Cosmo puts 10 Ebbozonian coins on the table and asks Fredo to determine quickly whether these 10 coins all have the same weight. On the table, there is a balance with two pans (but there are no weights).

Question: Can Fredo solve Cosmo's problem by using the balance at most three times?

Answer 1

The answer is

Yes

I ran a test with 6 coins, leaving 2 off each time. I got that to work. This made me think I could scale it up to 10 coins by doing 3 on each side. I tried that and got all the cases where 2 coins were different, but 3 coins would stop me (and I thought only the even sets would be a problem). That made me try a different number of coins in each weighing. That's when I found:

Weighing 1: 1 2 3 vs 4 5 6
Weighing 2: 1 2 3 6 vs 7 8 9 10
Weighing 3: 1 2 3 4 5 vs 6 7 8 9 10

Answer 2

I don't think it's possible. I can ID up to 8 coins in 3 trials by:

Weigh 1v1, if different, we have our answer.
Weigh 2(previous)v2
Weigh 4(prev)v4

This allows us to check up to 8 coins.

Answer 3

I believe that the answer is

No, it is not possible.

To explore why it isn't possible, let's look at a similar problem, with eight coins, numbered C1-C8.
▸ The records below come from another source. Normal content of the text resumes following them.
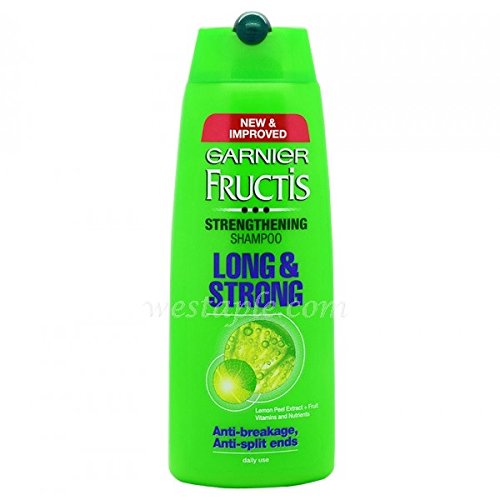 Garnier Fructis Long and Strong Strengthening Shampoo, 340ml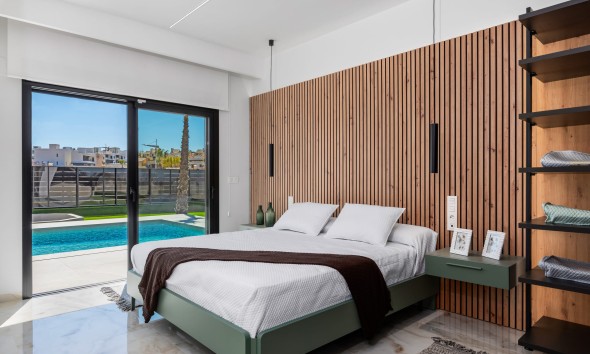 Obra nueva - Unifamiliar - La Finca Golf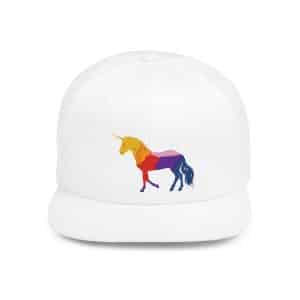 Magic Unicorn Flat Bill Snapback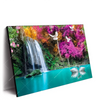 Xxl Wandbild Wald Wasserfall No 7 Querformat Produktvorschau Seitlich
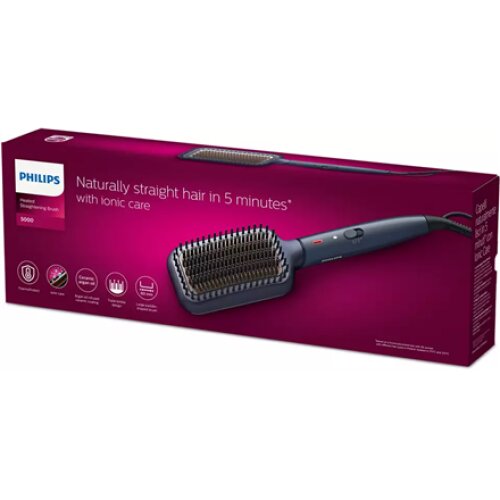 Philips , Hair Straitghtener , BHH885/00 , Warranty 24 month(s) , Ceramic heating system , Ionic function , Temperature (max) 200 °C , Blue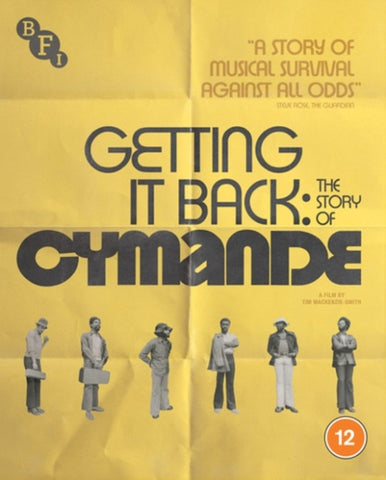 Getting It Back The Story Of Cymande Limited Edition New Region B Blu-ray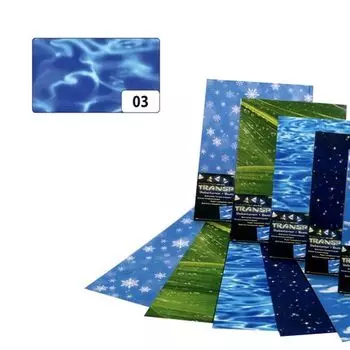 83103 Транспарентная бумага 'Вода', 115 г/м², 50,5*70 см, Folia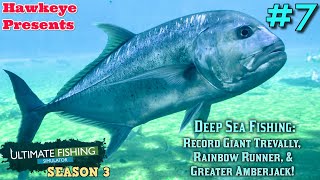 Ultimate Fishing Simulator S3 #7 - Record Giant Trevally, Rainbow Runner, & Greater Amberjack! screenshot 4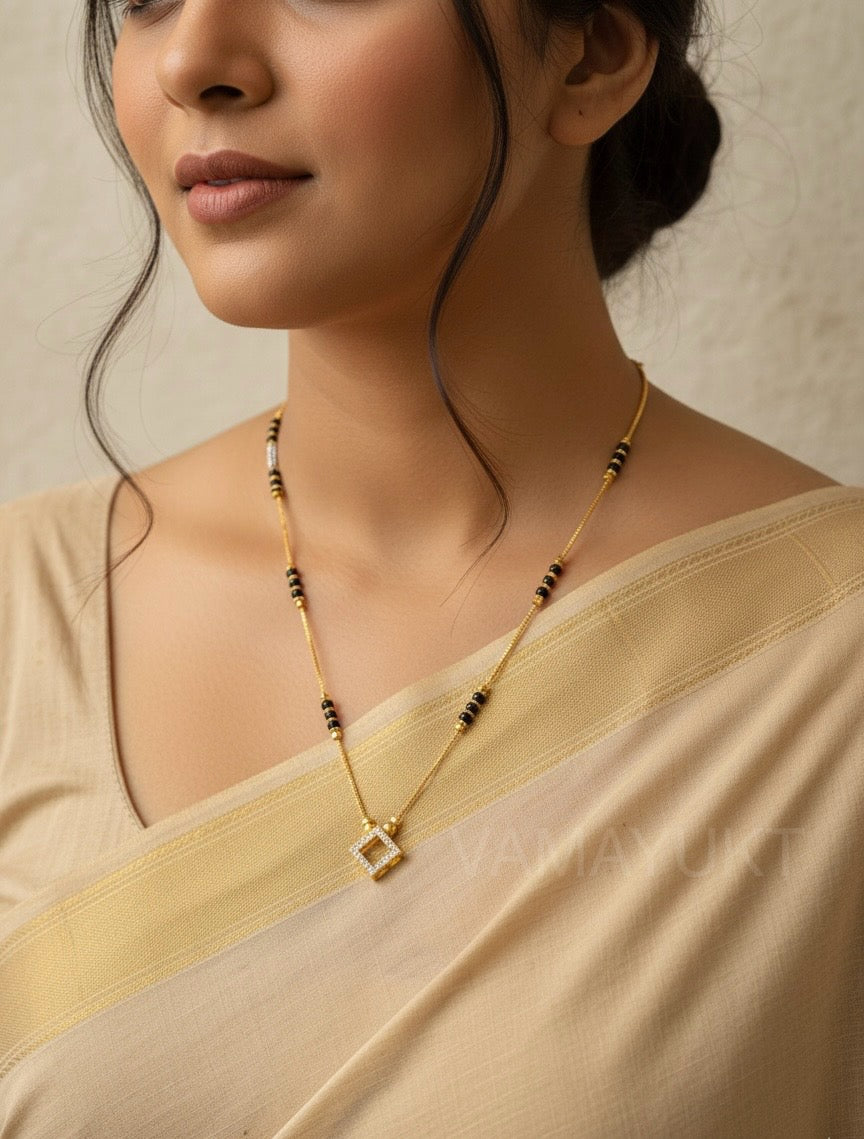 Freya 18k gold plated mg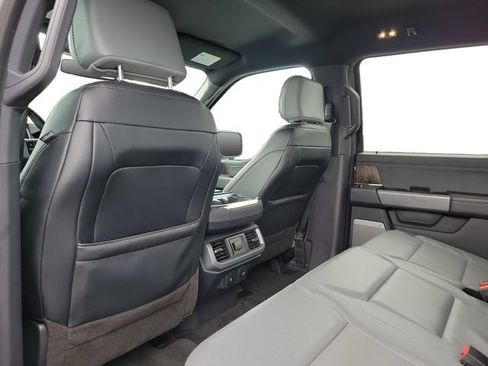 Used 2022 Ford F150 Lightning Lariat w/ Tow Technology Package AWD/4WD image 23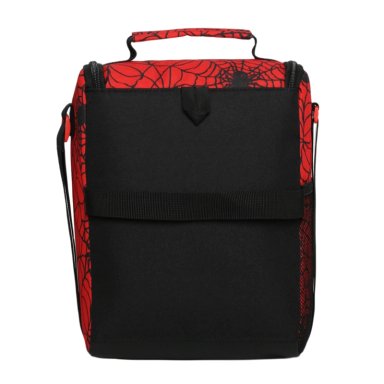 LONCHERA INFANTIL NIÑO FRESH ARAÑA ROJO HEAD - 5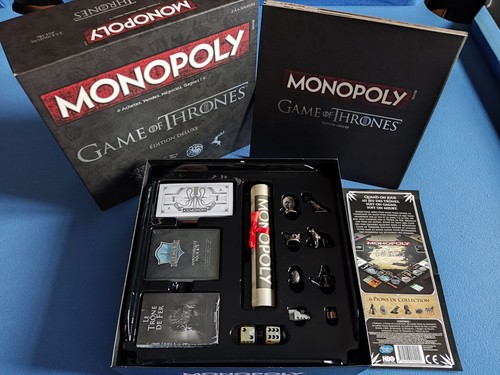 Monopoly game thrones - of,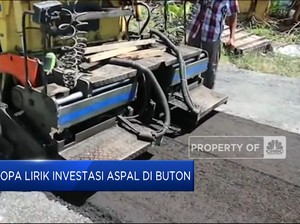 Eropa Lirik Investasi Aspal di Buton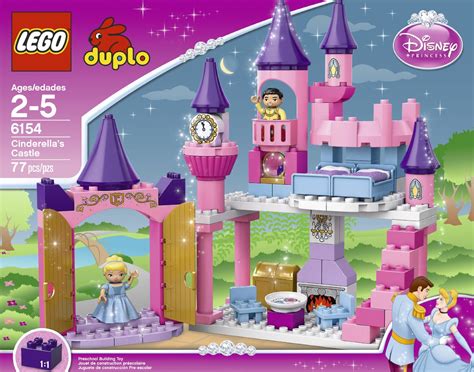 My Lego Style: LEGO DUPLO Disney Princess Cinderella's Castle 6154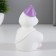 Nightlight "duck" LED 1W 3x lr44 white 8x4.4x12cm Risalux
Put four coins on each side of the balance.

C1-C4 vs C5-C8

If the balance is not equal, then we're done. We know for a fact that there are two weights of coins in the pile, and we don't need to go any further.

If, on the other hand, the balance does NOT move, then the two piles have equal numbers of each type of coin, and could conceivably all be the same weight. So the next step is to take C1-C4 and place two coins on each side of the balance.

C1&C2 vs C3&C4

Again, if the balance moves, we're done. If, on the other hand, the balance stays even, we will do one more test

C1 vs C2

Now, if the balance is STILL even, all of our coins are the same weight.

The 10 coin example doesn't work out quite as well, though. After the first weighing, we're left with five coins and two weighings, which is not enough to identify the coins. One weighing can identify two coins, two weighings can identify four, three weighings can identify eight.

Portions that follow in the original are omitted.